High Finance is a quiz show created and hosted by Dennis James which aired on CBS from July 7 to December 15, 1956. It followed Gunsmoke on the CBS schedule. High Finance aired at 10:30 p.m. Saturdays opposite NBC's Your Hit Parade.

==Premise==
On the program, contestants answered questions about current events. The player would be asked five questions based on three newspapers which he or she studied before the show. Each correct answer earned $300. Three correct answers allowed the player to play the "investment segment" in which he or she wagered any amount of the money won on answering a question. A correct answer won the wager and a prize, plus the option to risk any prizes won and return the next week to play another "investment segment" or keep any prizes won and leave the show. A fourth win would earn that player his or her "dream prize", such as a miniature golf course or a restaurant. A fifth successful "investment segment" won that player an additional $75,000.

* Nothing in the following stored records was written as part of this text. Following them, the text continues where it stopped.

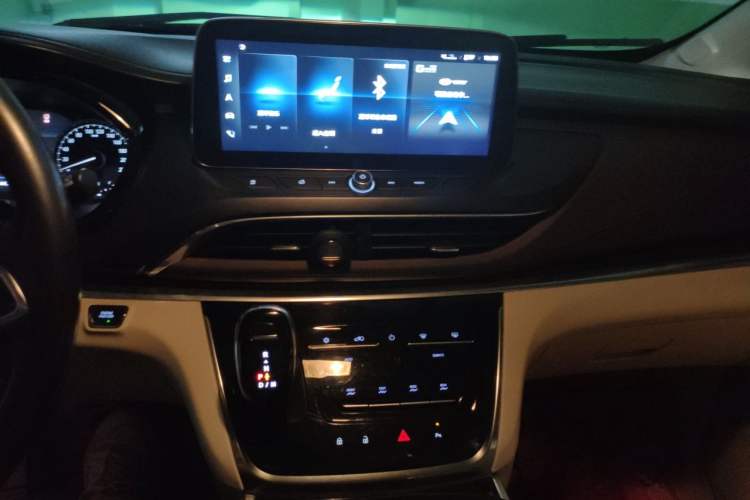Used Buick GL8 2020 Land Business Class 652T Luxury Model Audio And AC Panel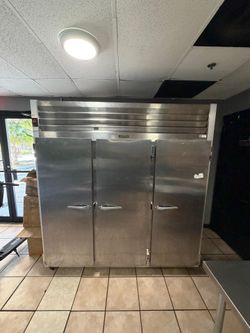 Commercial freezer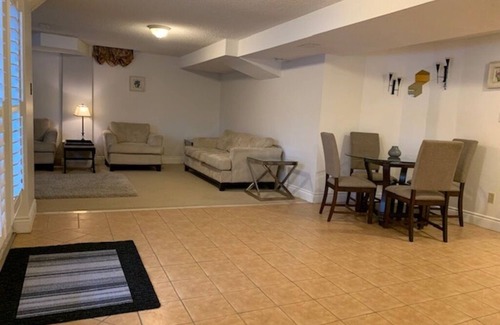Vaughan Apartment | Large walk-out Basement Unit in central Richmond Hill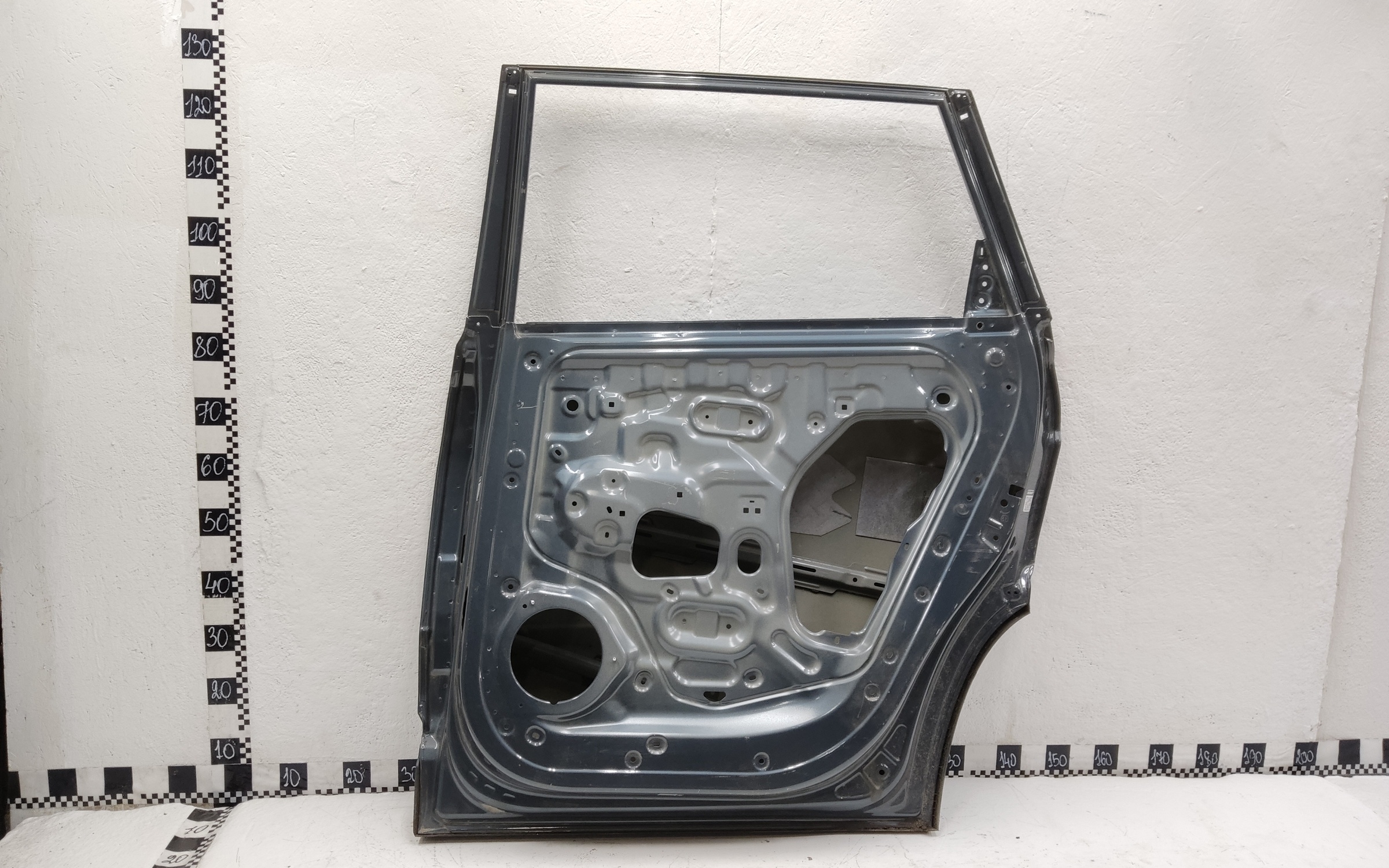 Дверь задняя правая Geely Okavango Restail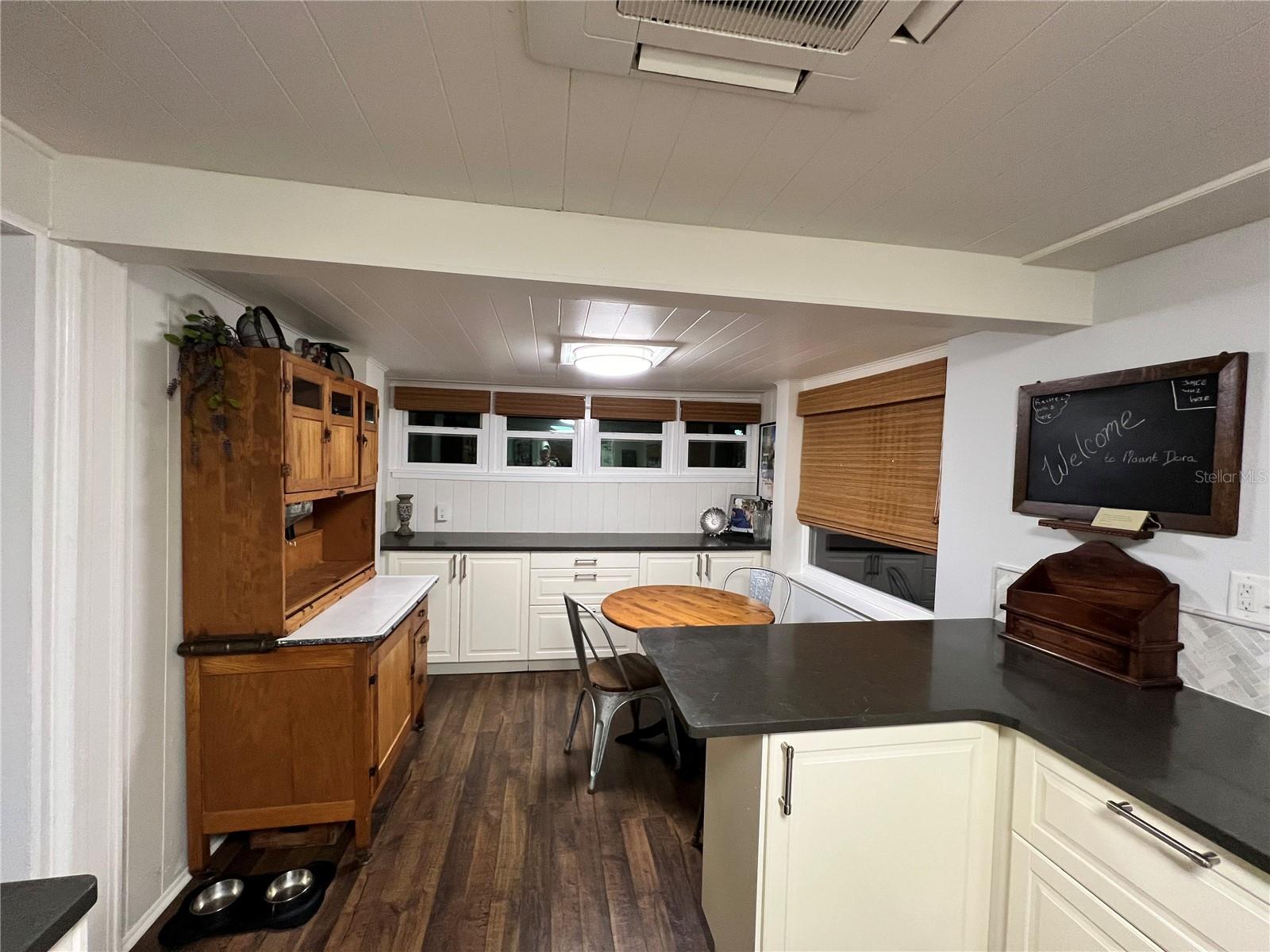 Image 3 of 36 For 810 Tremain Street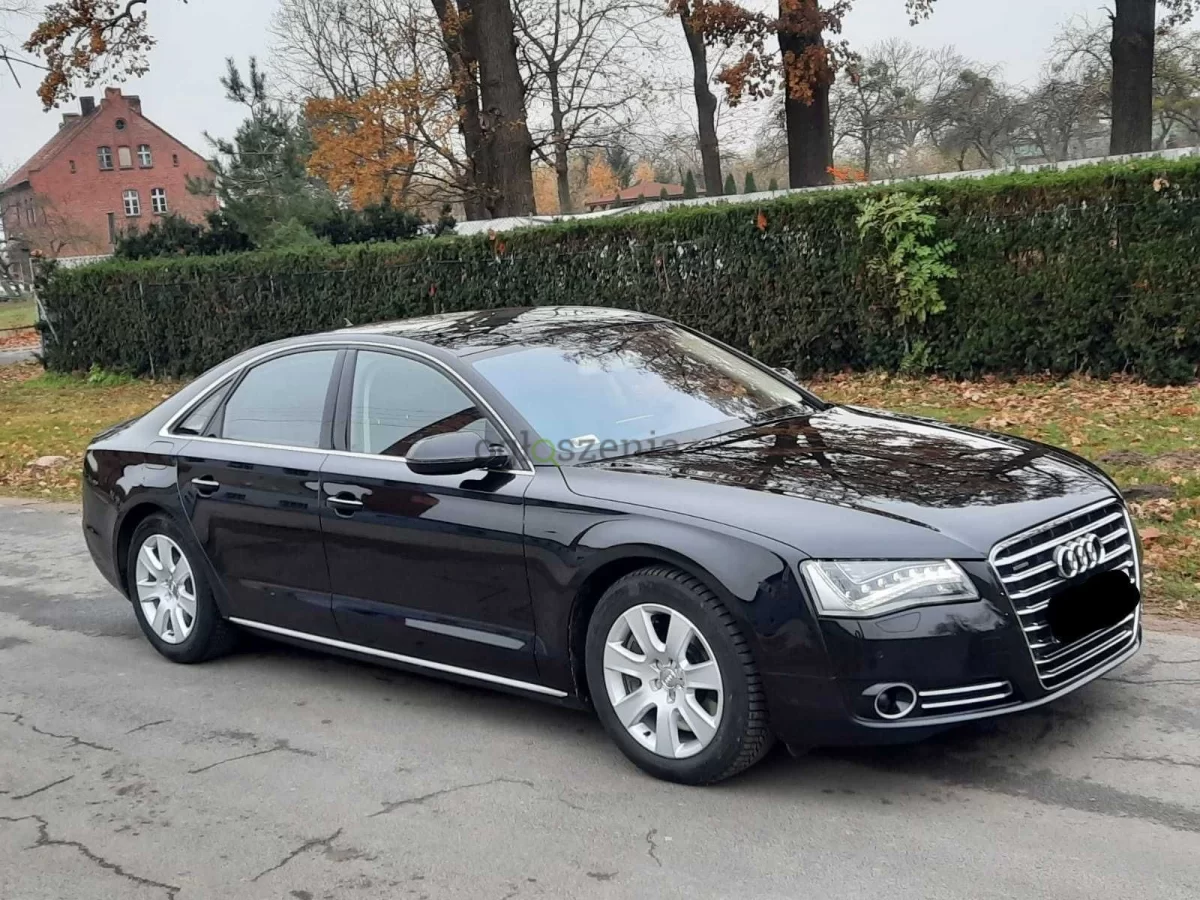 Samochód osobowy Audi A8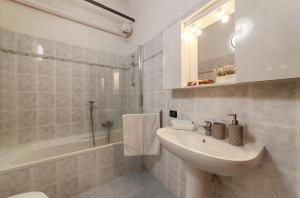 LakeView LakeComo, CIPRESSO 7, 4Seasons, Terrace, 30m to Lake! by STAYHERE-LAKECOMO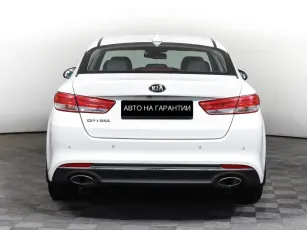 Kia  6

Contestants on High Finance included boxer Joe Louis and his wife, who sought to win money to pay part of the more than $1 million that Louis owed the Internal Revenue Service in back taxes. They won $41,000 as they appeared as special guests for eight weeks.

==Production==
Robert Jennings and James created High Finance. Peter Arnell was the producer; Lou Sposa was the associate producer and director. The program originated live from WCBS-TV, replacing Damon Runyon Theater. Monsanto and Mennen were the sponsors. Mennen sponsored two episodes per month, and Monsanto had one. During each fourth week Ford Star Jubilee pre-empted High Finance. Mennen's sponsorship ended when the show completed its second cycle. The trade publication Billboard said that Mennen was "reportedly unhappy" with the program's summer ratings, which included 11.1 for August. Ratings remained a problem in the fall, diminishing as time went on, when "They should have gone higher to keep even with the sharp general viewing upswing from September to November. At the beginning of the Fall 1957 season, CBS relinquished the 10:30 p.m. Saturday time slot to affiliates.